Através do absurdo, do ridículo — vale dizer que a maquiagem é inignorável e é tudo bem teatral — a série expõe a raiz de um problema do momento, que fazia parte das vidas das pessoas. O expectador assiste e, assim como o capitão, acha aquele preconceito totalmente circunstancial e sem sentido. E, se aquele preconceito é absurdo, será que essencialmente não são todos?
Além disso, quanto mais alegórica é a história que se conta, mais necessário é o engajamento do público se a intenção é essa busca por sentido. Vejo isso como mais um ponto a favor. Quanto mais esforço é demandado para chegar a esse lugar comum entre a vida real e a obra, mais sólido se torna esse aprendizado, mais internalizada a lição. Uma vez que eu entendi o que é essencial na história do Calzunix atravessando a barreira Eletromagnética dos Robôs Desmembrados, nunca mais conseguirei ver pessoas seguindo seus variados caminhos e atravessando seus variados obstáculos da mesma forma.
Ou seja, só vantagens.
Eu sou parcial nesta questão. Sou militante de ficção científica e temo estar exagerando. É claro que tudo o que eu falei sobre as boas qualidades da ficção especulativa pode se aplicar a qualquer tipo de texto ou obra de arte, inclusive de não ficção. Um bom documentário também procura os temas essenciais, também tenta se conectar com o expectador, também toca no fundo do peito. Mas vejo, ainda hoje, a necessidade de sair em defesa da ficção especulativa. Porque, ainda hoje, vejo pessoas virando os olhos quando ouvem falar de tramas fantásticas, futuristas ou espaciais.

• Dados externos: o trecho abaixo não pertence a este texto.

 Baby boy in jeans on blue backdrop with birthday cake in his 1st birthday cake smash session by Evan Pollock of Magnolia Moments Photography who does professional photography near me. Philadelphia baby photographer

No fundo no fundo, o que eu queria mesmo era ter mais gente para falar sobre o futuro, o espaço, a tecnologia, o que é a condição humana e, principalmente, Star Trek.
Em tempo: morreu na noite de ontem, aos 89 anos, Nichelle Nichols, a Uhura de Star Trek. É a mulher que aparece no fundo da fotografia dos alienígenas com rosto dividido. Seu legado é imensurável. Um exemplo tangível de como a ficção (especulativa) transforma a realidade.
militante de ficção científica <3 adorei o texto e me identifiquei demais!
mano, achei mto interessante sua proposta de reflexão, já tinha pensado nessa divisão, mas não sob essa óptica. me explico: nos meus estudos psicológicos me deparei com uma proposta do Jung de entender a cognição humana através de algumas diferenças que existem no funcionamento de nossas psiques. caso essa discussão ainda faça sentido pra ti 2 anos depois de ter postado, recomendo que procure o que o Jung chamou de "intuição" e de "sensação", o que ao meu ver seria justamente a divisão que vc faz entre quem gosta do fictício (intuitivos) e do "real" (sensitivo - aqui no sentido de sensorial).